Comment 44 for bug 1009312

Revision history for this message
Kyle Auble (auble48-deactivatedaccount) wrote : Re: GPU loads unreliably, possible kernel timeout

I know it's been a while, but I thought I should report that I've still been seeing this bug. I recently installed a fresh mainline kernel (3.9.0-999-generic, built on 4/21), and it runs fine except I'm still seeing the bug. I want to try some of the ACPI options again when booting, but my problem is I still have no clue about how to consistently replicate the bug.

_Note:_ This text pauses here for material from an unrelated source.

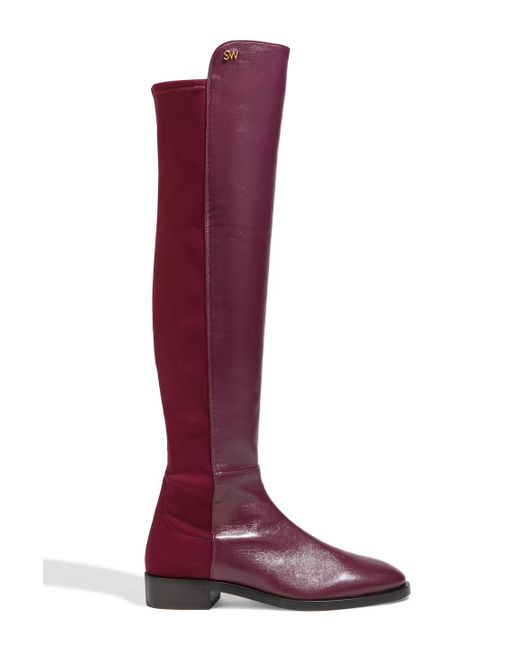 the keelan stuart weitzman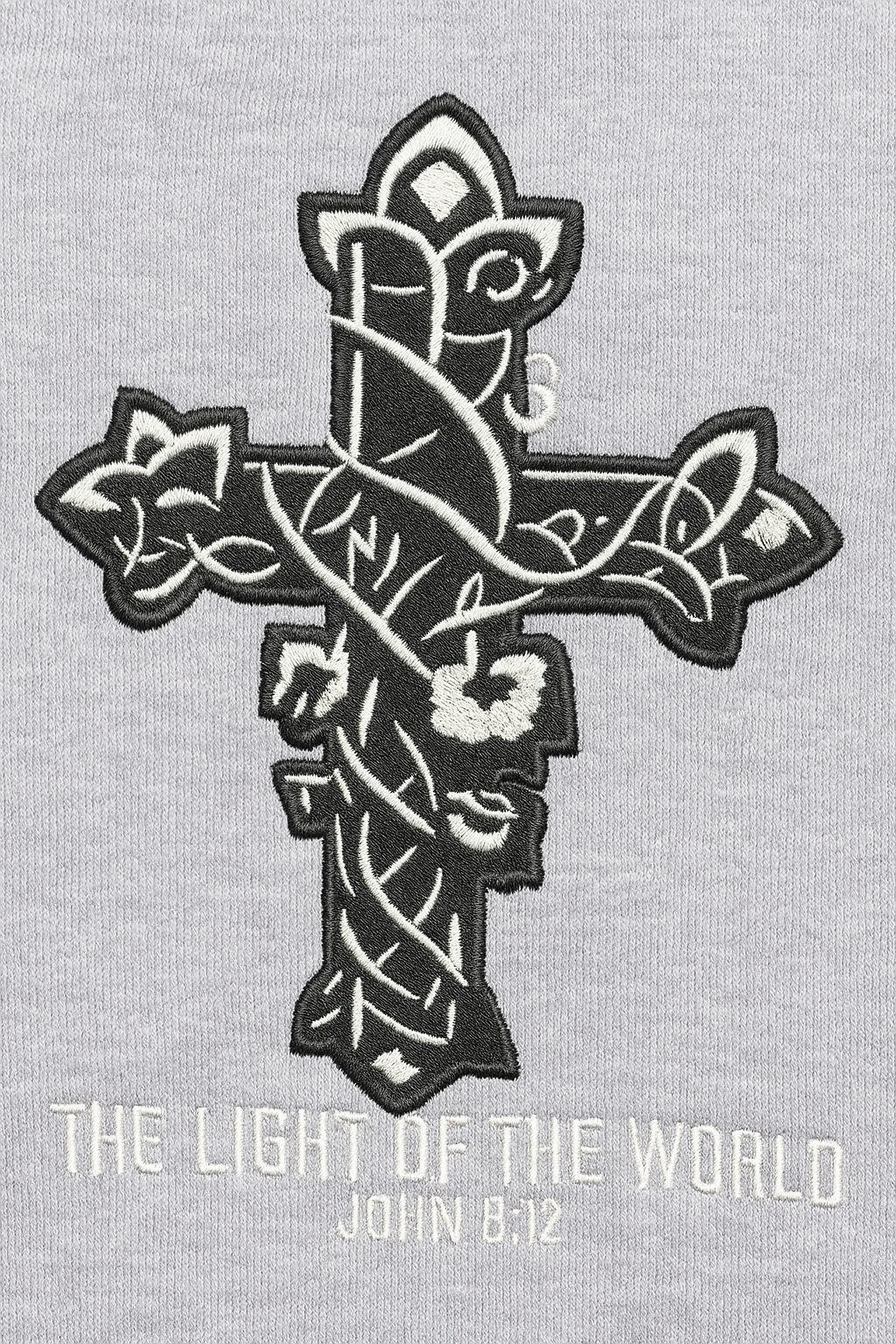 The Light of the World – John 8:12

After looking through my PCI info, I have a rough hypothesis of where the problem's happening. Although the GPU loses PCI features like bus-mastering & ASPM on bad sessions, my gut feeling is these are side-effects of an underlying PCI/ACPI issue (since multiple devices raise error flags on bad sessions). I'm wondering if it has something to do with how space is being allocated for DMA (since the 32-bit memory region for the GPU is always treated as virtual in bad sessions). This might explain why the bug was so common in the PAE kernel.

The one other thing I realized is that my GPU is the only device to use a PCI-to-PCI bridge straight off the root port. Every other
device on my system either routes directly to the root port (like the audio device, 00:1b.0) or uses a bridge off of a secondary PCI Express port (prefix 00:1c). Especially since forming the GPU's PCI-to-PCI bridge is exactly where the timing discrepancy occurs, I wonder if this is why the GPU is the one device that fails. I've gone ahead and attached the output from `lspci -t` to help see my PCI arrangement.

I'm not a kernel hacker so these are just hunches based on the data, but if anyone that's comfortable with the kernel's PCI system could suggest a test that might consistently reveal the bug, I'd be happy to keep testing things out.